This image of Saint George is from my father’s toy Sicilian cart from the 1950s. The hand-painted miniature is a prized family possession. You’ll see Saint George on many carts, especially the back support, because he protects the cart drivers and their horses. This weekend in the town of Piana degli Albanesi in Palermo province, they are celebrating their patron, San Giorgio.
The Feast of Saint George is observed on April 23. Today is a festive occasion with music and dance performances alongside kiosks offering typical foods and products of the region. Tomorrow, devotees will solemnly process their statue of the saint along with his sacred relics. The tradition is that the extremely heavy statue of the saint on horseback is danced through the streets by young men no older than 26. Together with them, the faithful sing, chant, and cry, expressing their devotion. This practice is followed by marching bands and drum cores playing more upbeat music. Once the statue arrives in front of the Church of San Giorgio, all present receive a blessing from the clergy.
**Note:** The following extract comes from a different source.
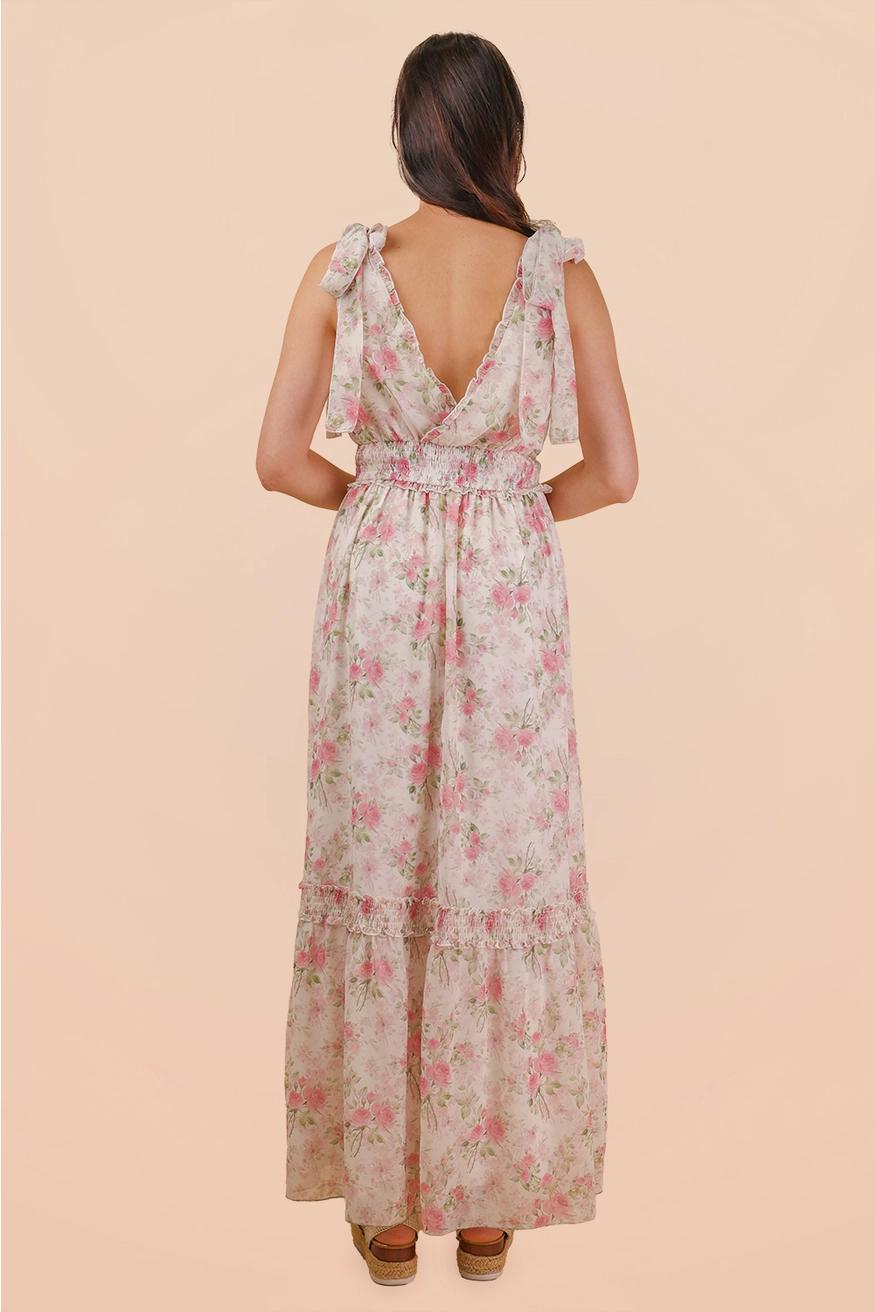 Floral Printed Shoulder Strap Midi Dress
San Giorgio is venerated throughout the Christian world. He is patron of countries such as England, Portugal, and Malta, and many cities in Spain and in Sicily; not only Piana degli Albanesi, but also Modica. He is the protector of soldiers, cavalry, chivalry, archers, farmers, field workers, Boy Scouts, butchers, horses, horse riders, saddles, and of sufferers from leprosy, plague and syphilis.